Guidance on taxation of an off-shore partnership
Under the CITL, a foreign corporation is defined as a corporation that has a head office or principal office in a foreign country (only if the foreign corporation shall not have the place of effective management in Korea).
Based on the nature of business, an off-shore partnership would be categorised as a foreign corporation if one of the following conditions is met:
- Has a legal personality.
- Only comprised of partners with limited liability.
- Has the legal rights and liabilities that are distinct from its members, including taking possession of assets or having the legal capacity to be a party against a law suit.
- The same or the most similar kind of domestic business entity constitutes a corporation under Korean laws.

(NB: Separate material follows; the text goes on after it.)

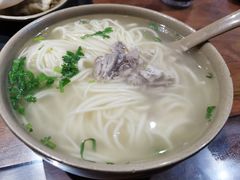 -亮亮面馆(经六路店)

Off-shore partnerships with a legal personality like corporate entities prescribed in the Korean Commercial Act, such as stock corporations (Chusik Hoesa), limited corporations (Yuhan Hoesa, Yuhan Chegim Hoesa), and unlimited corporations (Hapmyong Hoesa, Hapja Hoesa), are treated as foreign corporations for Korean CIT purposes. Also, off-shore partnerships having the nature of limited corporations prescribed in the Korean Commercial Act, such as stock corporations (Chusik Hoesa) and limited corporations (Yuhan Hoesa, Yuhan Chegim Hoesa), are treated as foreign corporations.